- Directed by: Peter Krüger
- Written by: Peter Krüger Ben Okri
- Produced by: Peter Krüger
- Starring: Michael Lonsdale Abiba Sawadogo Hamadoun Kassogue Vieux Farka Touré
- Cinematography: Rimvydas Leipus
- Edited by: Nico Leunen
- Music by: Walter Hus
- Production company: Inti Films
- Release date: 8 February 2014 (Germany);
- Running time: 102 minutes
- Countries: Netherlands, Belgium, Germany
- Languages: French, English, African languages

= N – The Madness of Reason =

2014 Belgian documentary film

N – The Madness of Reason is a 2014 Belgian documentary film written (in collaboration with Ben Okri) and directed by Peter Krüger.

==Synopsis==
The film explores the life of Raymond Borremans, a freewheeling Parisian musician turned encyclopedia enthusiast whose fascination with the history and customs of West Africa lead to his compiling a book on the subject. Encyclopédie Borremans was left uncompleted on his death in 1988, at the age of 82. He got to the letter "N", hence the film's name. N - The Madness of Reason combines elements of documentary, biopic, and fiction.

==Cast==
The film's cast includes Michael Lonsdale (narrator), Abiba Sawadogo, Hamadoun Kassogue, and Vieux Farka Touré.

==Release==
The film was screened at several film festivals in 2014 and was slated for general release on February 8, 2014.

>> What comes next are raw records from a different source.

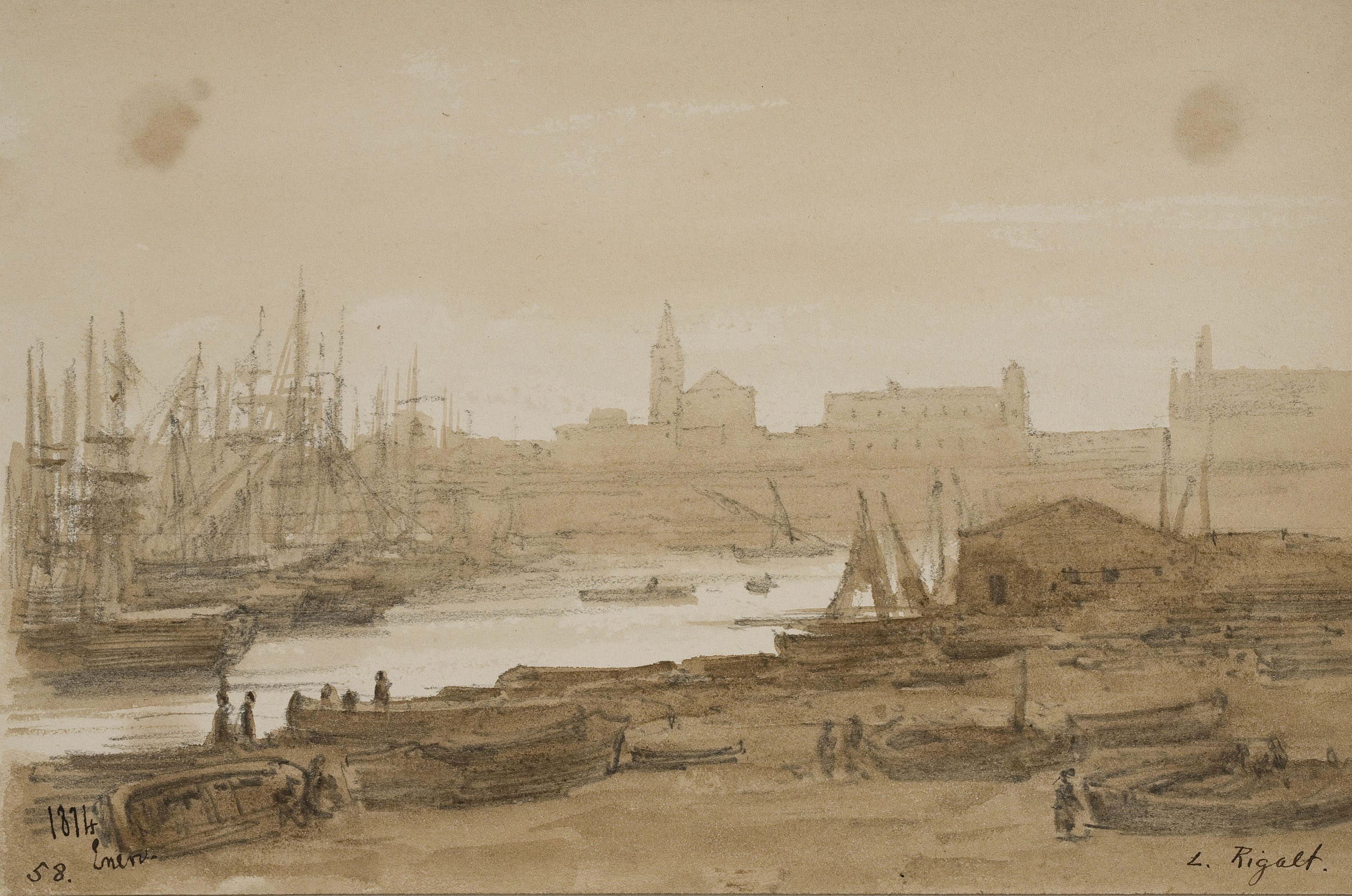 image for: Lluís Rigalt - Port - Gener de 1874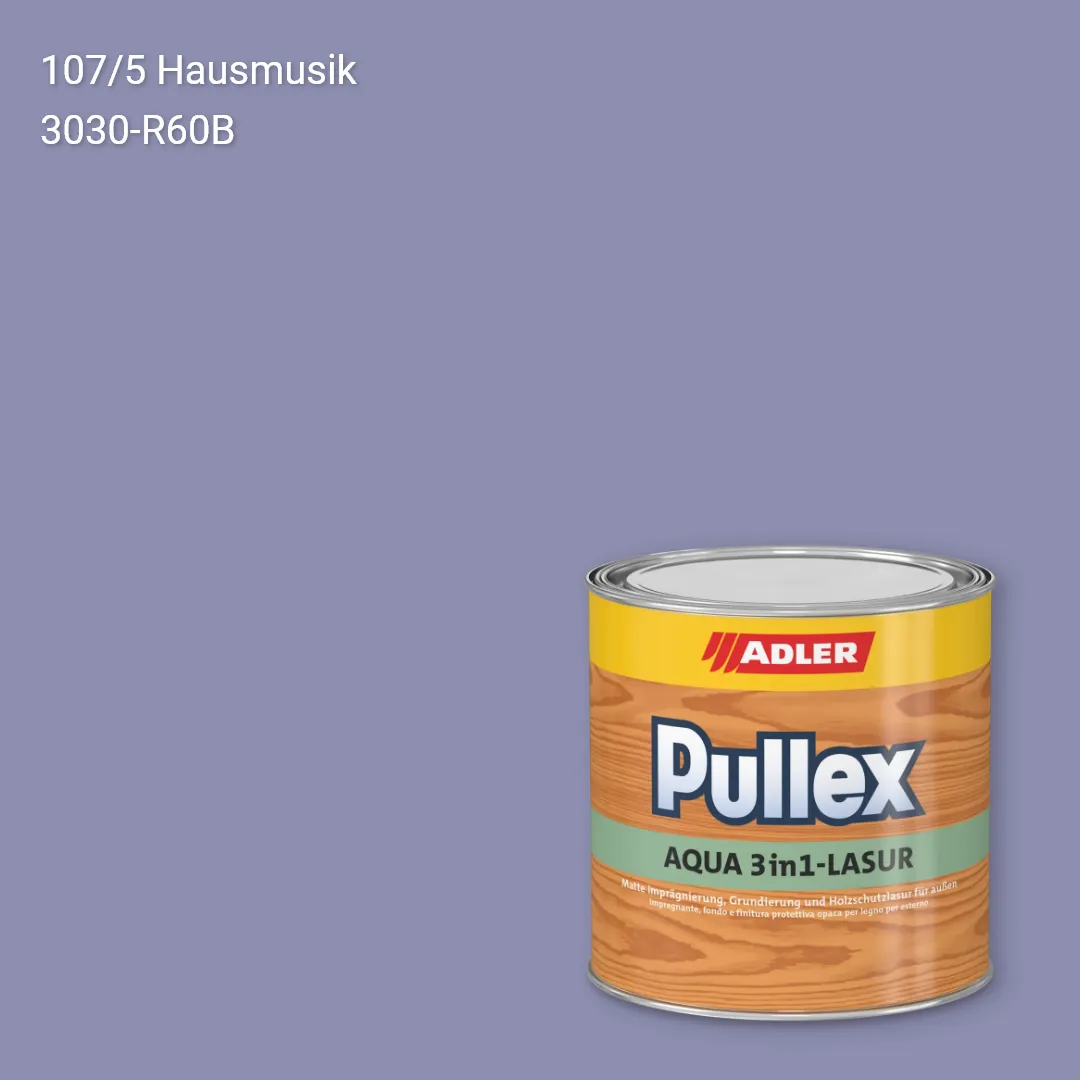 Лазур для дерева Pullex Aqua 3in1-Lasur колір C12 107/5, Adler Color 1200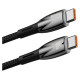 Baseus Glimmer Series Fast Charging Cable USB-C 480Mbps PD 100W 2m Black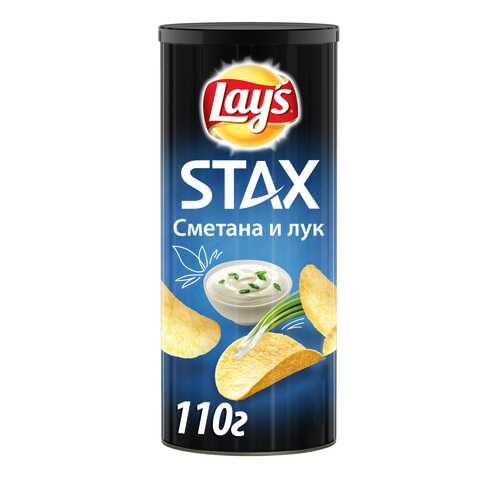 Картофельные чипсы Lay's stax сметана и лук 110 г в Магнит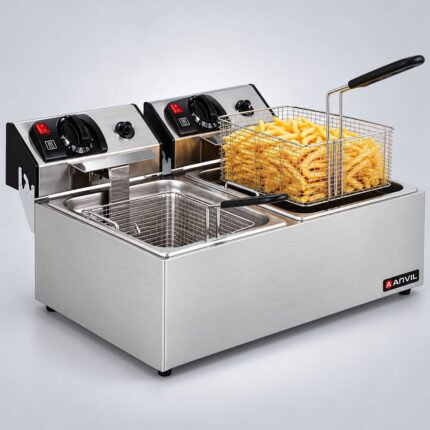 Anvil Double Pan Deep Fryer for Professional Kitchens i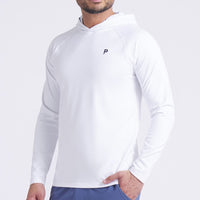 PUMA Golf Pullover - PTC Cloudspun Tech Hoodie - White Glow AW25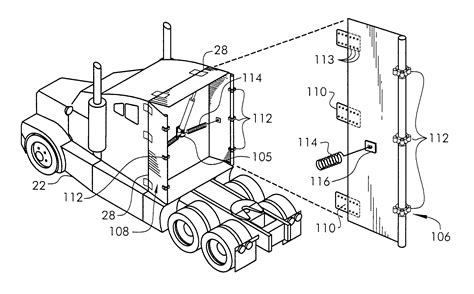 patent  fuel efficient tractor trailer system google patents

N – The Madness of Reason received three nominations at the 2015 Ostend Film Festival, winning the Ensor Award for Best Film (for the director Peter Krüger), the Ensor Award for Best Editing (for the editor Nico Leunen), and the Ensor Award for Best Music (for the composer Walter Hus). At the 2014 Cine Migrante International Film Festival in Brasília, the film won the 2014 Jury Award for Best Film.